Patent application title: COMPUTING DEVICE, STORAGE MEDIUM, AND METHOD FOR ANALYZING SIGNAL GROUP DELAY OF PRINTED CIRCUIT BOARD
Inventors:
Po-Chuan Hsieh (Tu-Cheng, TW)
Chun-Jen Chen (Tu-Cheng, TW)
Ying-Tso Lai (Tu-Cheng, TW)
En-Shuo Chang (Tu-Cheng, TW)
Assignees:
HON HAI PRECISION INDUSTRY CO., LTD.
IPC8 Class:
USPC Class:
702 79
Class name: Measurement system in a specific environment electrical signal parameter measurement system time-related parameter (e.g., pulse-width, period, delay, etc.)
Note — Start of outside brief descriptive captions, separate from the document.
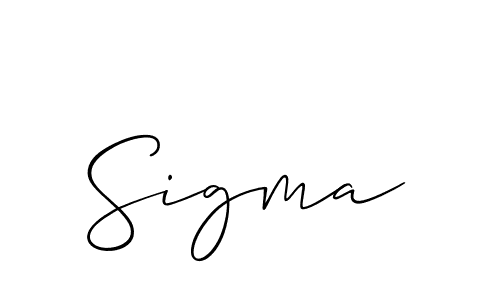 Create a beautiful signature design for name Sigma. With this signature (Allison_Script) fonts, you can make a handwritten signature for free. Sigma signature style 2 images and pictures png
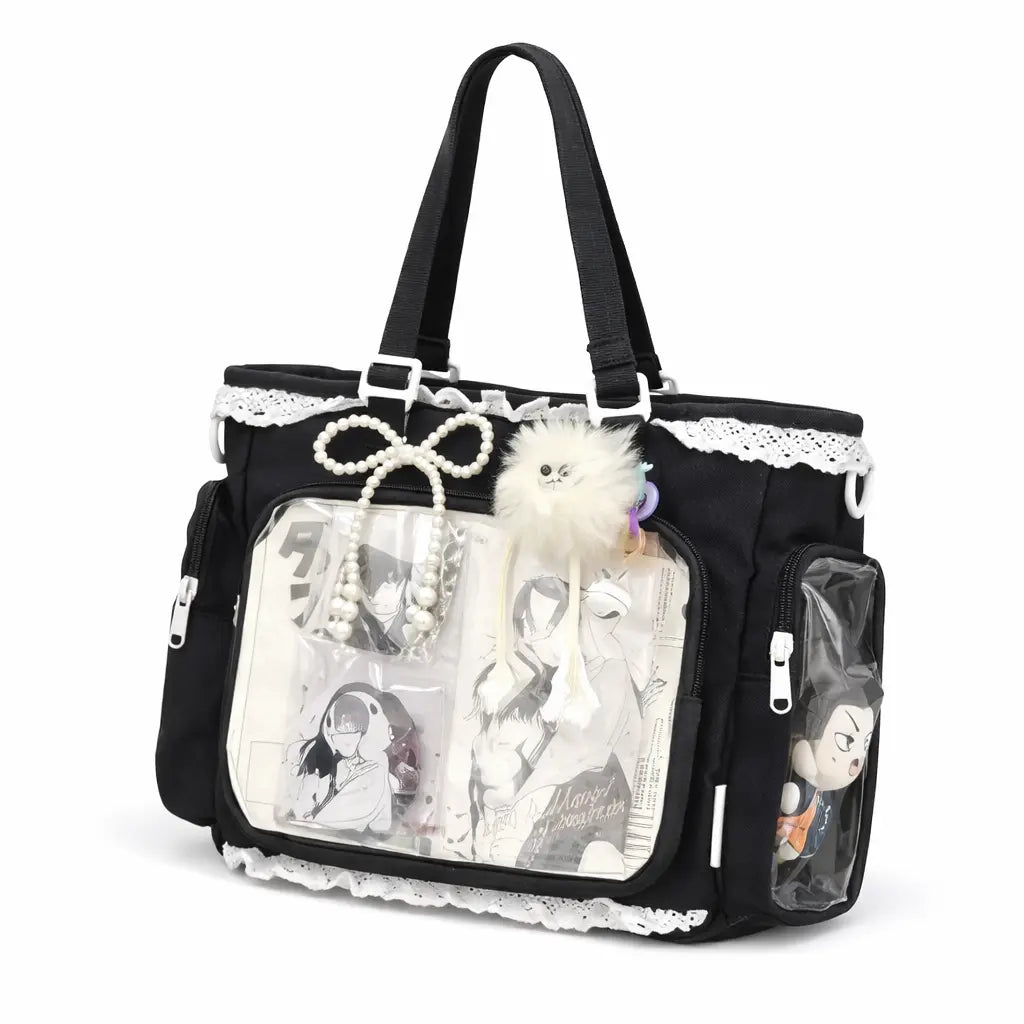 Sac Japonais Bandoulière Transparent Femme Yoka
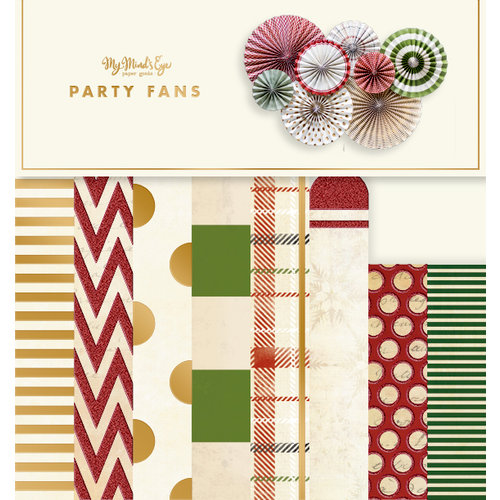 My Minds Eye - Holiday Collection - Party Fans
Publication date: 2013-01-03
Patent application number: 20130006561
Abstract:
In a method for analyzing a signal group delay of a printed circuit board
(PCB) using a computing device, the computing device connects to a signal
measuring device that measures S-parameters from a pair of data signal
line and clock signal line of the PCB. The method analyzes a differential
loss coefficient of the data signal line and the clock signal line based
on the S-parameters, and calculates a first signal delay of the data
signal line and a second signal delay of the clock signal line according
to the differential loss coefficient. The method further analyzes a
signal group delay of the PCB according to the first signal delay and the
second signal delay, and displays the signal group delay on a display
device if the signal group delay does not satisfy a PCB design
specification.Claims:
1. A computing device, the computing device connected to a signal
measuring device and a display device, the computing device comprising: a
storage system; at least one processor; and one or more programs stored
in the storage system and executable by the at least one processor, the
one or more programs comprising: an S-parameter matrix creating module
that obtains a plurality of S-parameters from a pair of data signal lines
and clock signal lines of a printed circuit board (PCB) measured by the
signal measuring device, and creates an S-parameter matrix according to
the S-parameters; an S-parameter analysis module that defines a port
connection between the data signal line and the clock signal line
according to the S-parameters, and analyzes a differential loss
coefficient of the pair of data signal line and clock signal line based
on the S-parameter matrix; a signal delay calculation module that
calculates a first signal delay of the data signal line according to a
data transmission frequency of the data signal line and the differential
loss coefficient, and calculates a second signal delay of the clock
signal line according to a clock frequency of the clock signal line and
the differential loss coefficient; and a signal delay analysis module
that analyzes a signal group delay of the data signal line and the clock
signal line according to the first signal delay and the second signal
delay, determines whether the signal group delay satisfies a PCB design
specification, and displays the signal group delay on the display device
if the signal group delay does not satisfy the PCB design specification.
2. The computing device according to claim 1, wherein the S-parameter analysis module defines the port connection as a standard timing connection if the S-parameters of the data signal line are identical to the S-parameters of the clock signal line.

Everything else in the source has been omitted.